Fomalhaut, which hosts a ring of orbiting dust, has been at the centre of a debate as to whether it really hosts a planet, since infrared images from the Spitzer Space Telescope failed to rediscover a purported planet seen by the Hubble Space Telescope (see http://arxiv.org/abs/1201.4388). However, clutching high-resolution images from the Chile-based telescope, the team, led by Aaron Boley at the University of Florida, believe that they have finally put the argument to rest with a clever combination of images and computer simulations that reveal the inner and outer edges of the thin dusty disc, which swirls around the star, to have sharp edges. These edges, the team have concluded, are the mark of a pair of planets acting like shepherds to gravitationally keep the dust particles in check. Any smaller than Mars and the planets would have no effect, while any larger than a couple of time the mass of the Earth and their gravity would be enough to destroy the structure of the ring. Therefore their masses must lie somewhere in between.

An ALMA image of the dust ring around the bright star Fomalhaut. The underlying blue picture represents an earlier image returned by the NASA/ESA Hubble Space Telescope. Note that ALMA has so far only observed a portion of the ring. Credit: ALMA (ESO/NAOJ/NRAO). Visible light image: the NASA/ESA Hubble Space Telescope.

"The Spitzer null detection confirmed that the planet needs to be less than one Saturn mass," Boley tells Astronomy Now. "Our results are consistent with this interpretation and explain why the planets are difficult to detect."
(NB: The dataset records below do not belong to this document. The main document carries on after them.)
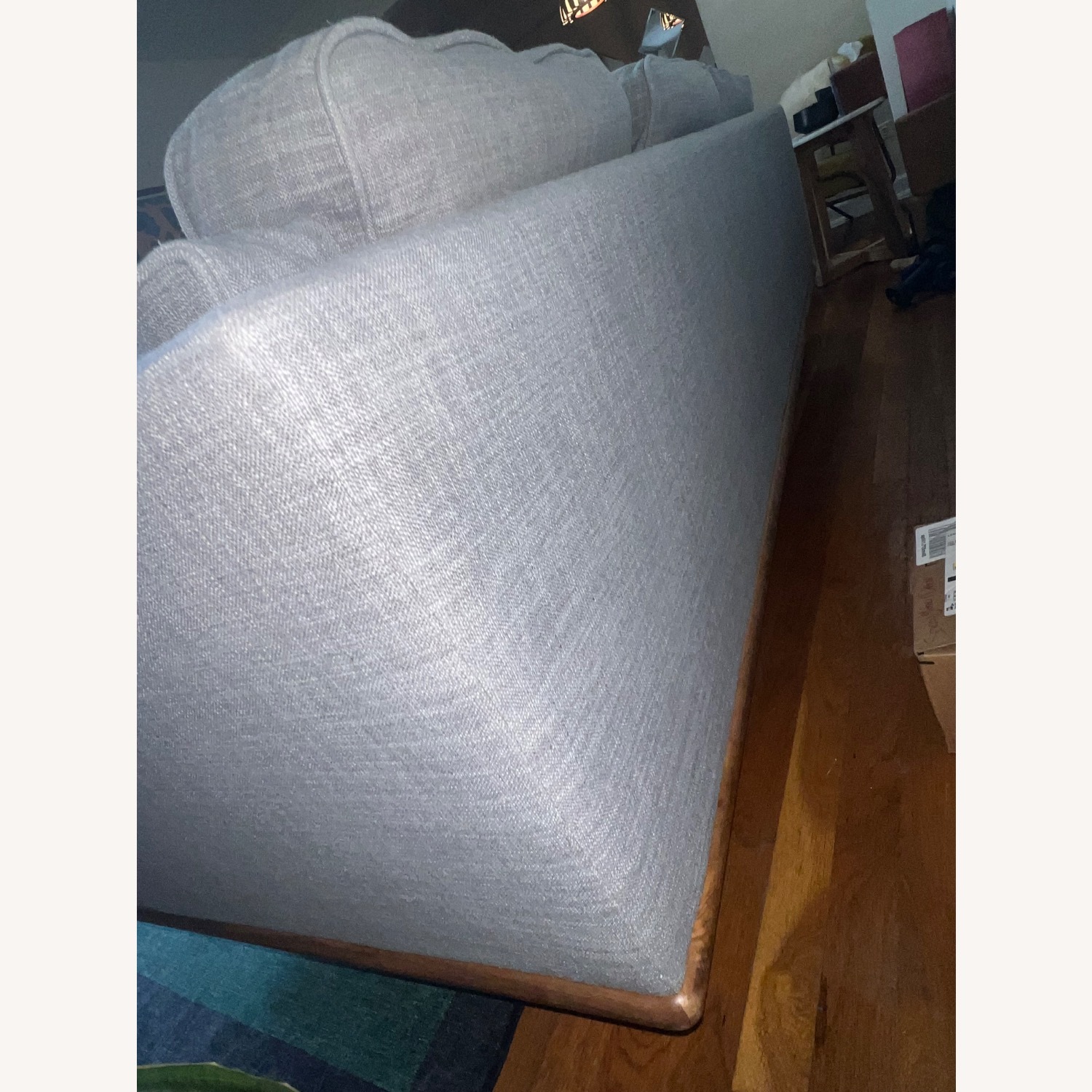 Article Light Gray Fabric 3+ Seater Sofa - image-5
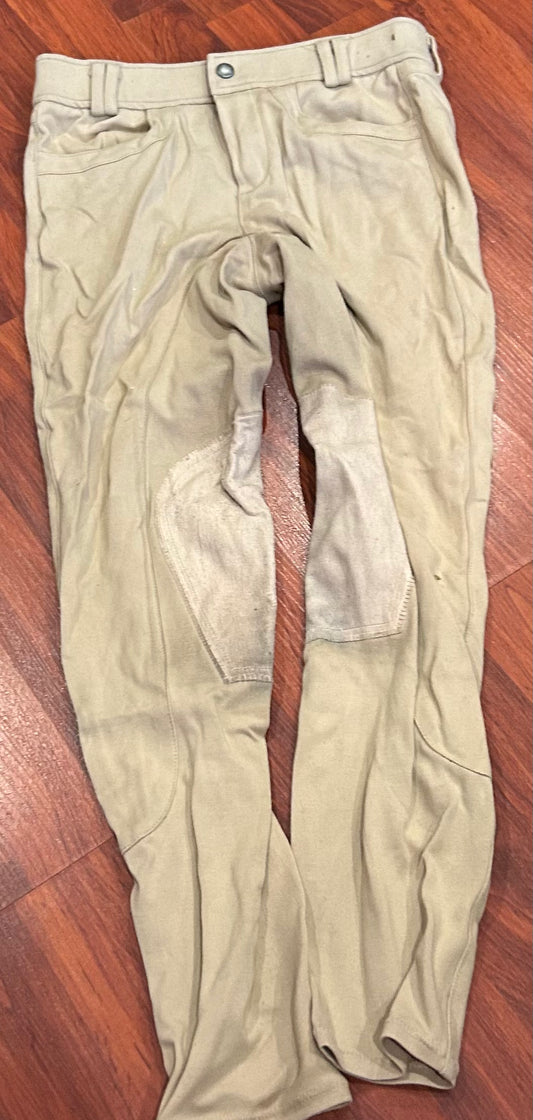 FOAL small tan knee patch breeches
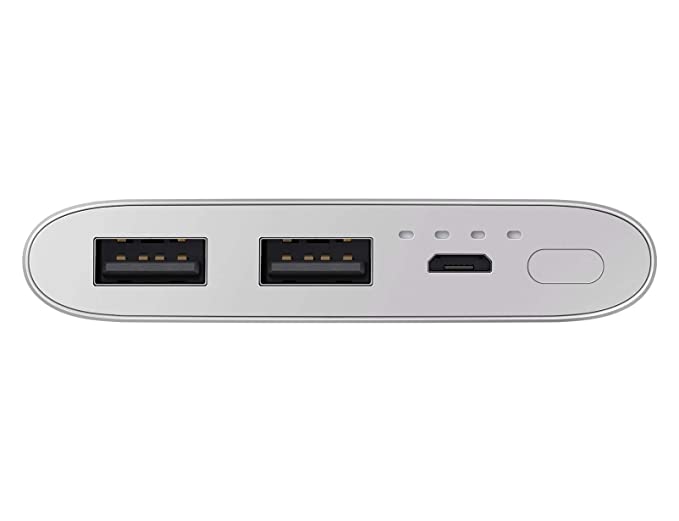 (Open Box) Samsung 10000mAh lithium_ion EB-P1100BSNGIN Power Bank Fast Charging, Silver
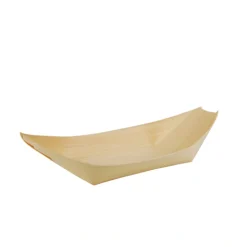 PAPSTAR Fingerfood - Schalen, Holz "pure" 21,5 cm x 10 cm "Schiffchen"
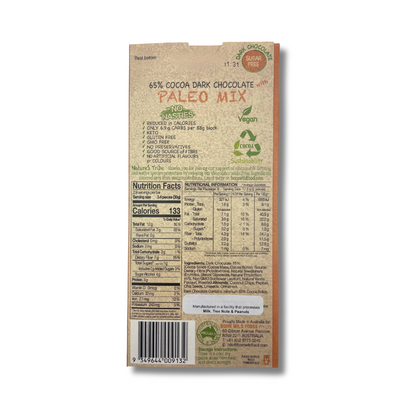 Nature's Tribe - Dark Chocolate with Paleo Mix Sugar Free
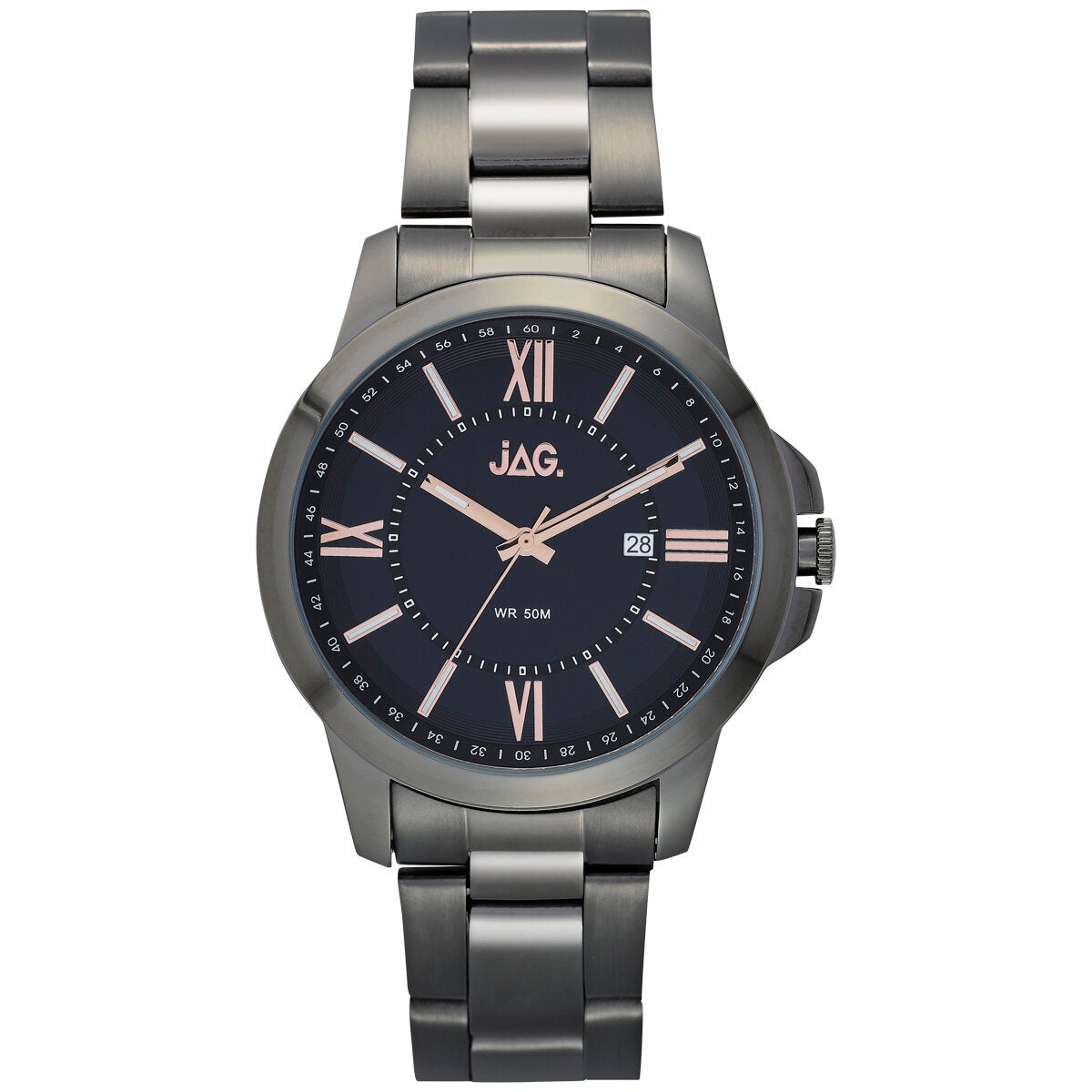 JAG Xavier Grey Stainless Steel Wrist Watch Men's Japanese Movement J2157A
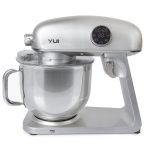M218 Easy Chef Gümüş Stand Mikser 1800w Motor Gücü 8l Kapasite Dayanıklı Döküm Metal Gövde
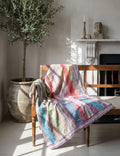 Desert Indigo Handmade Vintage Bagru Throw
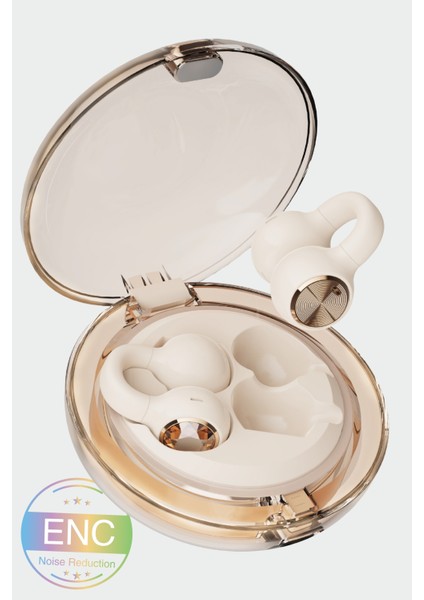 AP07-011 Küpe Tipi Bluetooth Kulaklık Krem fiyatları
Hubble hadn't seen these sharp edges because it was looking at emission from tiny microscopic grains of dust, thought to be fluffy aggregates of interstellar material. At the wavelengths ALMA operates at, Boley's team saw larger dust grains 1mm in size. These are large enough not to be blown around by radiation pressure from Fomalhaut's starlight and to retain the shape of the ring, which is 16 astronomical units wide (16 times the distance between Earth and the Sun) and placed 140 astronomical units from Fomalhaut. This is three and a half times the distance from the Sun to Pluto, meaning the two planets are likely to be among the coldest yet found orbiting a normal star. The next step will be to go beyond simply inferring the planet's existence from the sharply defined dust ring, and to attempt to image the planets. This however may prove difficult with their cool temperatures and is likely to require the advent of the next generation of giant telescopes such as ESO's European Extremely Large Telescope.